Bandar Dadu Ditikam Hingga Kritis

Bandar Dadu Ditikam Hingga Kritis

Zaman memang sedang beralih menjadi lebih modern, namun tidak mungkin bisa menghilangkan kesenangan pecinta judi. Dari zaman kakek nenek moyang memang perjudian sudah menjadi kebiasaan karena nyatanya banyak memberikan keuntungan. Oleh karena itu, tidak heran jika banyak sekali pecinta judi yang akhirnya melanjutkan kebiasaan tersebut entah sebagai kesenangan semata ataupun mencari pendapatan lebih.

Permainan judi sebenarnya hanyalah sebuah hiburan saja, namun mereka yang sudah pernah merasakan keuntungan dalam waktu singkat ini pastinya akan terus tergiur untuk mendapatkan lagi. Dimana pecinta judi terus ingin mendapatkan keuntungan sehingga mereka sudah tidak perlu direpotkan dengan adanya sebuah pekerjaan.

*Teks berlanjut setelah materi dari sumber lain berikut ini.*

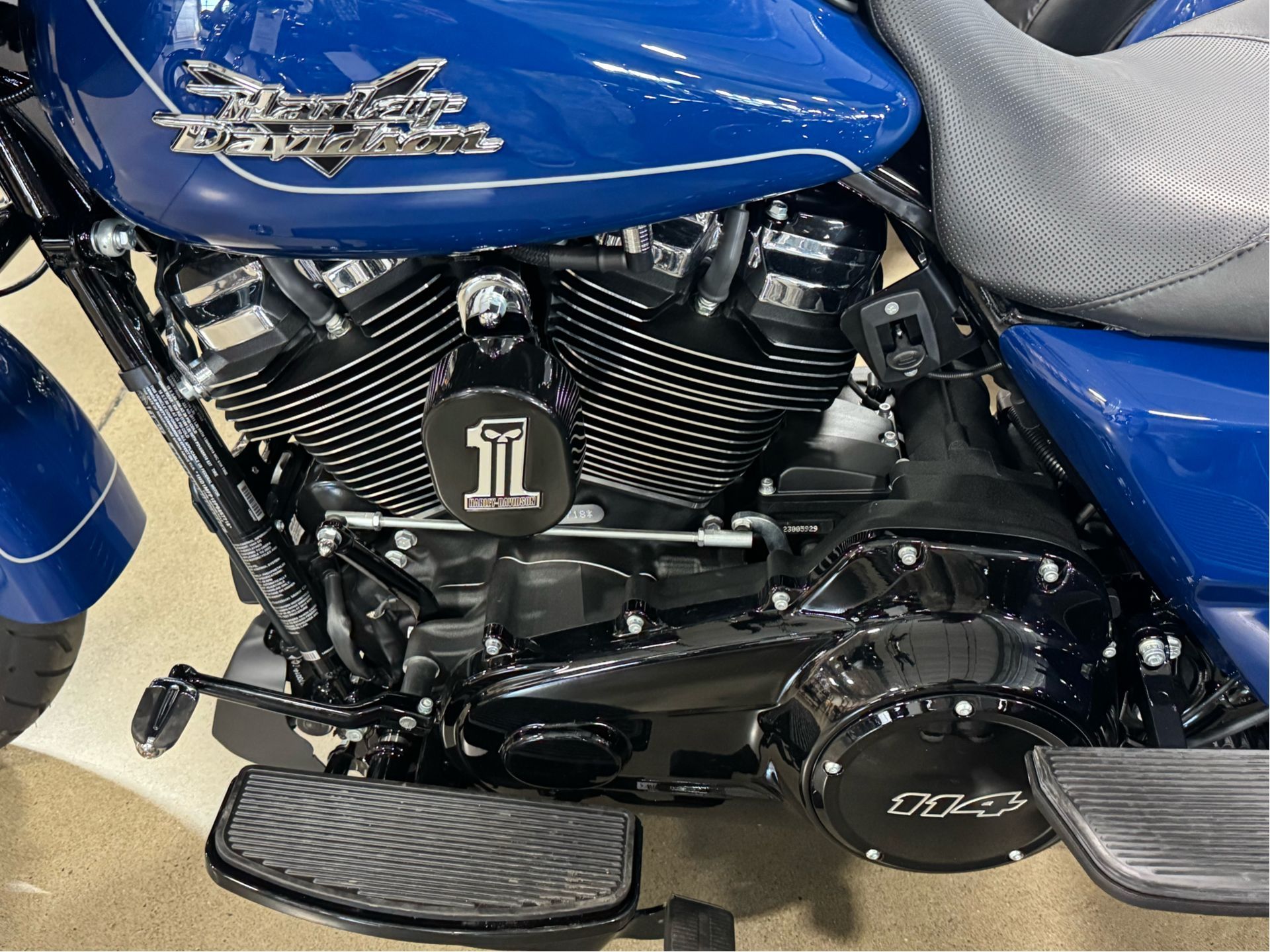 2023 Harley-Davidson Road Glide® 3 5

Mendapatkan keuntungan dalam waktu singkat memang sangat menyenangkan karena tidak perlu repot untuk bekerja keras. Dimana pejudi hanyalah duduk manis dan menikmati berbagai permainan, namun bagi mereka yang mampu menang akan mendapatkan banyak keuntungan. Sayangnya, permainan judi di Indonesia sangatlah dilarang keras karena sudah banyak merugikan warga. Dimana permainan judi kebanyakan menggunakan taruhan uang asli sehingga bisa merugikan mereka yang tidak bisa mendapatkan kemenangan. oleh karena itu, pemerintah memang melarang keras adanya perjudian dan lebih senang jika masyarakatnya mendapatkan pekerjaan dari bekerja.

Akan tetapi, masih banyak pecinta judi yang melakukan permainan judi dengan cara sembunyi-sembunyi sehingga aparat kepolisian tidak bisa menemukan jejaknya. Sayangnya, kabar kali ini cukup tragis dimana bandar dadu online di Sulawesi Selatan telah ditikam oleh temannya sendiri hingga harus dilarikan kerumah sakit.

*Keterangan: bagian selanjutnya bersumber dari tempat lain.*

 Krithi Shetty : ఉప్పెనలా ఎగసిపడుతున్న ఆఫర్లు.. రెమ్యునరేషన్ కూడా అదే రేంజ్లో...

Bisa jadi penyebab terjadinya penikaman karena keributan yang disebabkan oleh perjudian. Nyatanya memang banyak sekali yang menjadi korban perjudian sehingga harus lebih diperhatikan lagi oleh oknum kepolisian untuk terus mengadakan razia.

Di zaman sekarang ini memang semakin suram karena kesalahan apapun bisa menjadikan seorang teman, bahkan keluarga pun nekat untuk melakukan kejahatan. Kejadian Bandar dadu ini memang tengah asyik bermain dengan teman-temannya. Andi Bunga usia 43 tahun telah terjadi penikaman oleh temannya sendiri di jalan Poros Soppeng, Baula, Tellulimpoe, Sidrap.

Kejadiannya memang tidak disangka-sangka karena sebelumnya sudah bermain asyik dan akhirnya harus terjadi cekcok. Lalu, temannya sendiri mengeluarkan badik dan menghunuskan badiknya ke tubuh korban. Dengan percekcokan yang cukup parah sehingga membuat Andi harus dilarikan kerumah sakit. Pelaku sedag diamankan oleh Reskrim Polsek Dua Pitue Sidrap.

Cekcok tersebut memang berawal pelaku merasa tersinggung karena korban menjadi Bandar dadu. Dengan masalah yang sepele saja, maka temannya berani untuk melakukan perbuatan keji. Dimana korban telah mengalami luka tebas pada bagian telapak tangan, paha dan betis sebelah kiri. Kini saatnya menjadi pelajaran bagi pecinta judi agar mereka tidak terlalu mencari masalah hanya karena hal sepele saja.

Ketika manusia sedang melakukan judi memang biasanya seluruh otak dan pikiran mereka sedang dikelilingi oleh rasa gelisah dan galau. Oleh karena itu, tidak heran jika mereka memiliki nekad dengan melakukan berbagai kejahatan. Terlebih mereka yang tidak pernah menang sehingga menghabiskan modal untuk bermain. Mereka semakin luar biasa memuncak sehingga mengakibatkan berbagai hal yang tidak diinginkan. Oleh karena itu, bagi kalian yang tidak penasaran dengan perjudian sebaiknya urungkan waktu saja. Sangat disayangkan jika kalian harus mendapatkan kerugian dan bukan keuntungan.

Tetaplah bekerja sesuai dengan porsinya agar tidak merasa terbebani dengan keadaan saat ini. Sangat disayangkan jika kalian harus merugi. Semoga kejadian bandar dadu ditikam hingga kritis ini bisa membuat kalian semakin tahu apa arti dari perjudian itu.